Of the building blocks needed to create a great user experience online, research has proven that high quality photography is one of the most important. Whether you need your website to entice potential customers through blog posts, or have a social media campaign that is expanding the reach of your brand, imagery is key. How strong is the research, you might ask? Here are a few of the many data points for you:
- Digital content receives 94% more views if relevant images are included;
- Posts on Facebook with images receive 230% more likes, comments and shares than posts without;
- The use of authentic images improves the trustworthy index of B2B sites.
Besides attracting readers to keep reading, photos are valuable by packing more information into every second of engagement. Our brains are wired to process visuals 60,000 faster than text, making the most of every page view. (Learn more about the neuroscience behind websites in this blog post.)
The challenge is: camera phones are so common, many people think creating a good photo is intuitive.
It’s not. Not all photos are created equal. So let’s break down the two areas that you need to understand to create and effectively use high quality photography.

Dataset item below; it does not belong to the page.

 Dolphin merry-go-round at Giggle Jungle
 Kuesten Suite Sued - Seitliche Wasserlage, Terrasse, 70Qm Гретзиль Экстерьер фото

First: what makes a high quality photo?
- The foundation of all photo choices and usage must be your brand strategy. Is your brand voice formal or quirky? Are you presenting to a B2B audience, or a specific consumer demographic? You want to use images that connect with your target audience. And don’t forget your brand color scheme. Your photos should include the colors from your brand palette.
- When possible, include pictures you have taken yourself. This is especially true for blog posts and social media posts. While stock photography is necessary for many of uses throughout a website, social media post engagement is significantly higher with authentic, personal photos.
- When you are taking your photos, remember that lighting is the single most important factor. You need lighting that will show all the details of your photo, but not so much light that you have bright spots and dark shadows. If you don’t have an indoor location with bright light, go outside early afternoon. Out of the direct sun, you can find balanced natural light.
- Composition of the photo helps point the eye towards your message. Be strategic when you consider the layout of the photo, and crop strategically.
- It’s ok to use stock photography for an unusual subject or large images, just be selective with your photos. Common stock photography sites like iStock.com and Shutterstock.com have quite a few cliché photos. But they also have some unique images if you take the time to dig. Other sources for uncommon photos are: fancycrave.com, deathtothestockphoto.com, and unsplash.com.
- Don’t use pictures of real people without their permission. It’s considered an endorsement of your brand, and you could create ill will (or worse) if you don’t explicitly ask their permission.
Then: optimize your images for online use
- One reason you will almost always need to edit a photo for online use: file size. DSLR cameras and smartphones take photos that are 1MB and larger. If you were to use these unedited photos, it would slow your page load times to a crawl. Instead:
- use photo editing software to reduce the resolution. You don’t need – or want – a photo to be print quality. This will save a lot of file size.
- Most social media platforms will automatically resize images when you upload them. You will loose control over how the image might be cropped – or the ultimate resolution quality – but file size will be reduced.
- Most original photos straight from your camera have much larger dimensions than you need for a blog post or social media post. Use editing software to crop the photo smaller to the right size (we have dimension guidelines below).
- For most photos in the body of a blog post, we suggest aiming for no more than 70KB in size (for the hero images at the top of the page, we bump that up if necessary, but no larger than 200MB).
- Looking for photo editing software? There are several apps you can get for Android and iPhones. For desktop use, we suggest Photoshop Elements or Paint.net. Apps like Canva and Adobe’s Spark can create great social media posts with your own photos or their built in stock photography options.
- Know what image dimensions each social media platform uses. If you want to be precise on the layout of your photo (because you are a master at composition, like we mention above), here’s a list of the common platforms’ image sizes:
- Facebook: 1200 pixels wide by 630 pixels tall
- LinkedIn: 1200px wide by 627px tall
- Twitter: minimum of 440px wide by 220px tall, and you can tweet up to 4 images at a time.
- Pinterest: 600px wide by 900px tall is optimal – or any 2:3 aspect ratio
- Instagram: any square size by 1080px wide by 1080px tall is recommended.
- Check your post on your phone and a desktop computer to see how the photo layout is working. Social media platforms will center your photos differently depending on your device. For a perfect composition, make sure you take a look in case you need to quickly recrop.
We can’t over-emphasize how important it is to check your photos after they are posted. All social media platforms and most blogging platforms have built in photo alignment settings that can surprise you (and create an unpleasant experience for your user). But investing a bit more time will get you the polish you are hoping for.